Keep up with the amazing progress that we’ve made with Multicore Rendering in RIFT with this latest update from Lead Rendering Engineer Ben “ZorbaTHut” Rog-Wilhelm!


Hello Telarans!

As many of you know, we’ve been working hard on upgrading Multicore Rendering. Now that we’ve implemented improvements, let’s talk more about multithreading as it pertains to Rendering in RIFT. Warning: a lot of this is technical talk and may not be suited to all readers – some may want to escape back into RIFT to experience the changes directly rather than read about them! For our fellow techno-geeks, let’s continue…

In terms of the code that runs on your computer, “rendering” can be roughly split into two parts; “deciding exactly how to render stuff” and “sending those render commands to the graphics card.” Both of these tend to be expensive, and RIFT, as with most other games, used to do all of that work in a single thread. Note that while I’m dividing this into two parts, the actual rendering process isn’t a simple matter of doing one part followed by another – the “render” process consists of both interleaved in a very complicated matter.

With the exception of the newest rendering interfaces, all modern rendering APIs effectively require developers to send render commands to the graphics card on a single thread. There’s not much we can do to affect this. “Multicore rendering” therefore involves mostly the first step, but with respect to the limitation of the second step.

When you’re dealing with any project the size of Rift’s multicore rendering system, you have to split up the job into manageable chunks. This feature took over a year to complete and so there was a lot of complex scheduling to split it into manageable chunks.

First, we had to deal with global state. What does this mean?

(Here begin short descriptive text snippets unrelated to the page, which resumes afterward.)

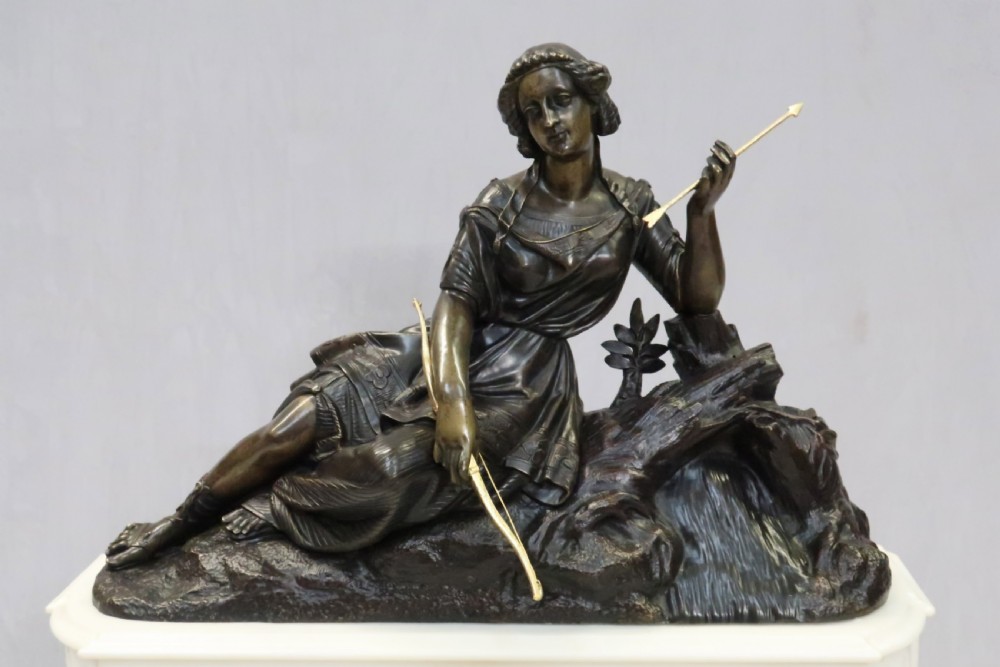 An antique French Napoleon III mantel clock featuring a dark patinated bronze figure of Diana the Huntress holding a bow, set atop a rectangular white marble base with gilt-bronze mounts. View IV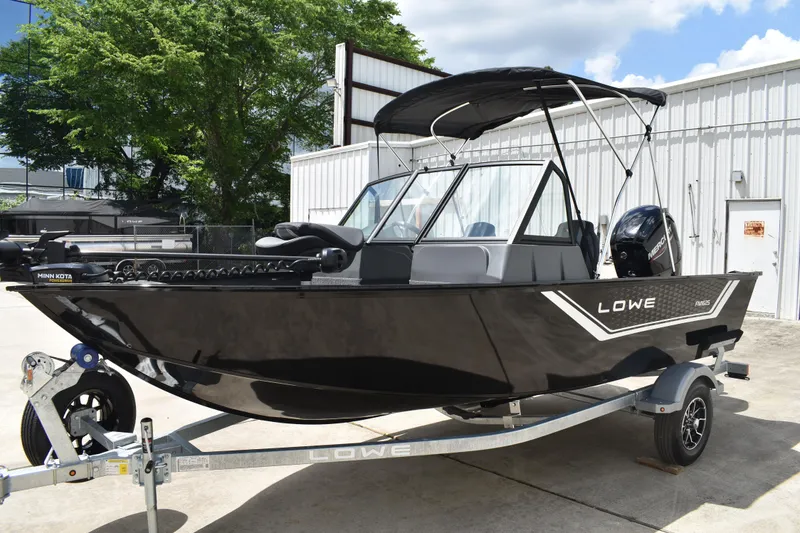 Slide: The Image of 2026 Lowe Fishing Machine 1625WT boat on trailer, black exterior, parked outdoors. - 8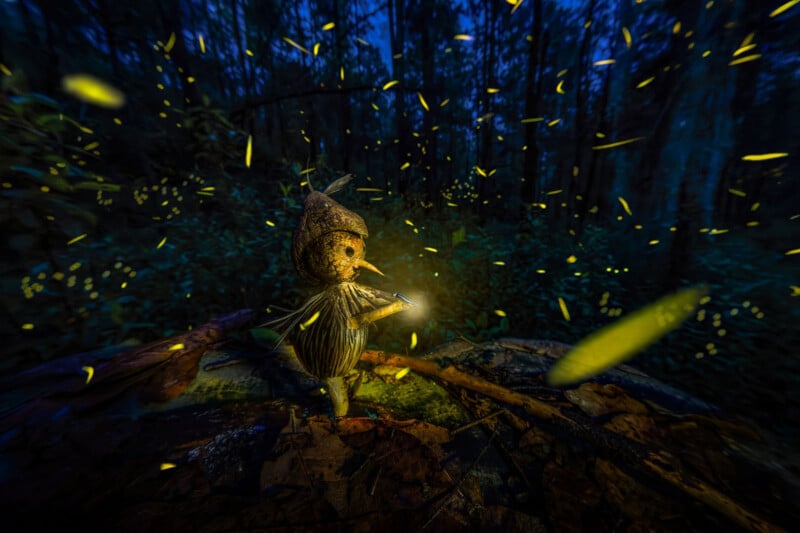 A small, whimsical doll made of natural materials stands on a log in a dark forest. It holds a tiny light, illuminating its face, while numerous fireflies glow around it, creating a magical, enchanting atmosphere.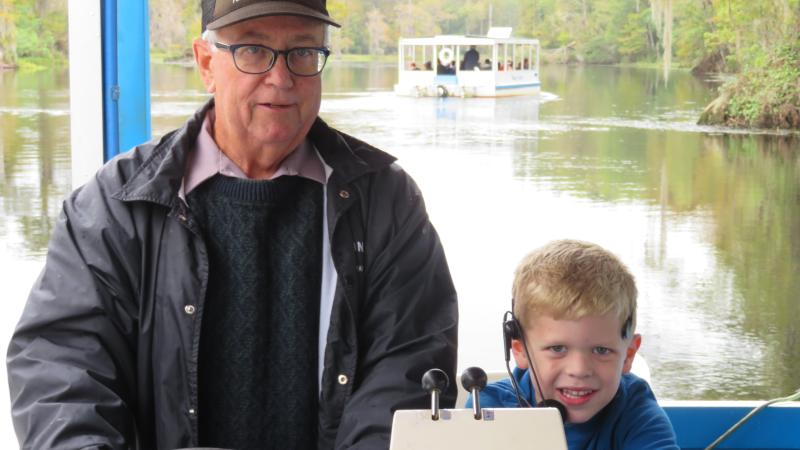 Volunteer at captains wheel of tour boat with young boy sitting nearby as co-captain. River boats can be seen on the river in the distance.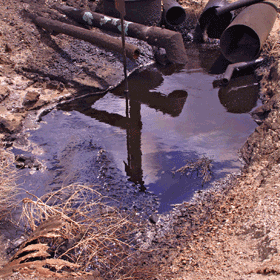 A photo of rusty pipes draining dirty water into a small, muddy puddle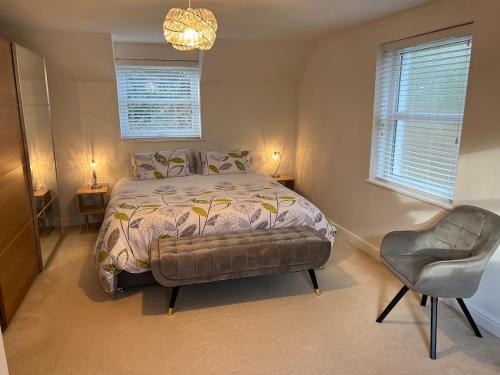 a bedroom with a bed and a chair and two windows at Swn yr Coed in Sennybridge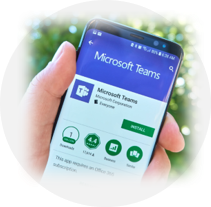 A hand holding a mobile phone, showing Micrsosoft Teams in Google Play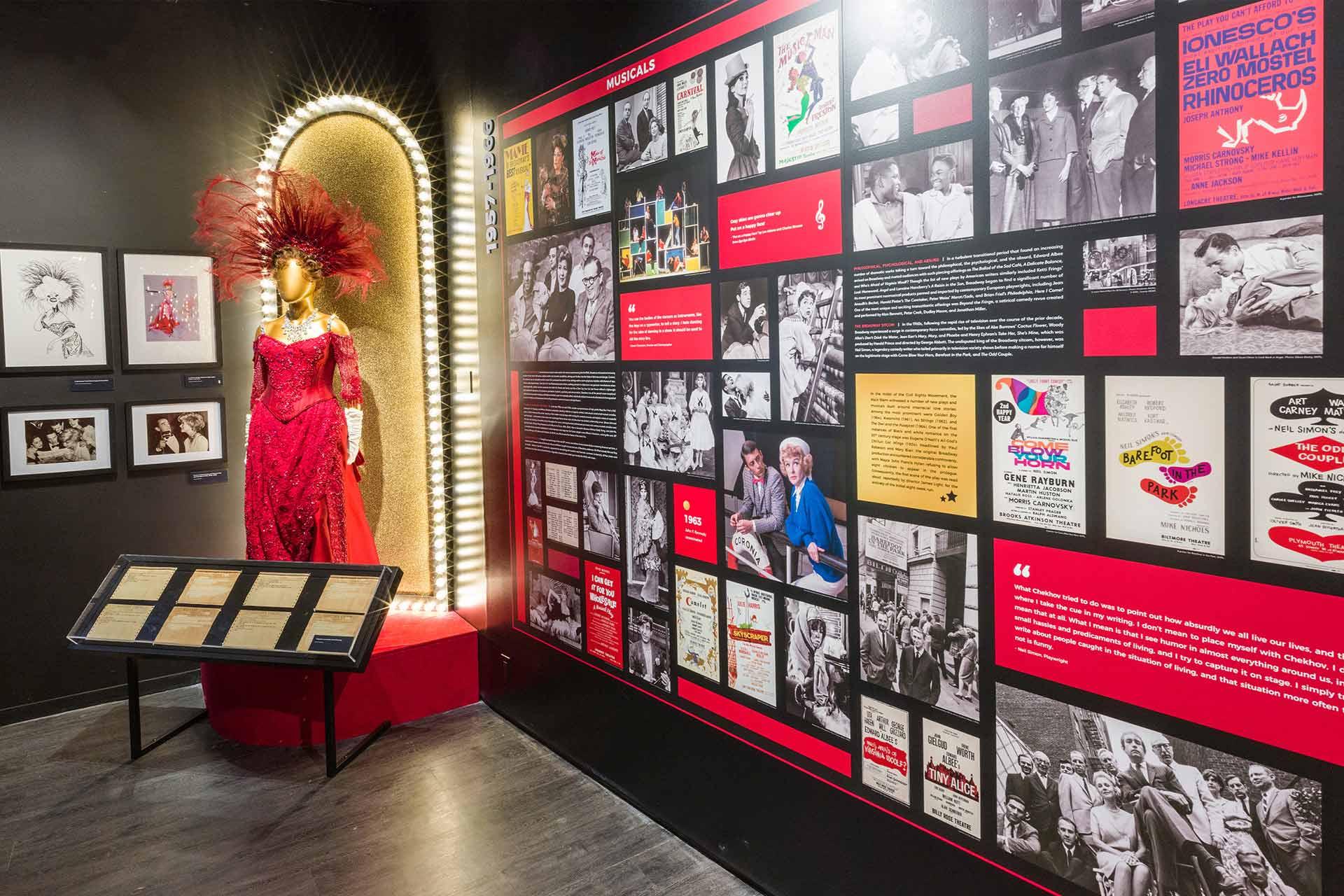 Museum exhibit featuring a sparkling red dress with a feathered headdress on a mannequin, spotlit next to framed photos, documents, and a large wall display of theater posters, images, and text about musicals.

Every time a graphics card renders something, it needs a destination, known as a “render target”. The screen is the most obvious destination, but we frequently render to textures, for use in later render steps. (In fact, if you’re using the high-quality renderer, virtually all of our rendering is done to intermediate textures!) Our rendering system assumed that the graphics system would have exactly one render target at a time. This is a perfectly reasonable assumption with a single-threaded renderer, but has to be fixed for multicore, where you might have five threads all generating commands for different render targets. That information was in our core rendering module, “Renderer”, which represented the device itself, handled resource allocation, and provided information about the device’s capabilities. We created a new module, “Context”, intended to represent the rendering state of a single thread (including the render target and many other similar chunks of rendering state), then moved thousands of lines of code from Renderer into our new Context. Our rendering system was still single-threaded, so we still had exactly one Context, but it was a necessary organizational step.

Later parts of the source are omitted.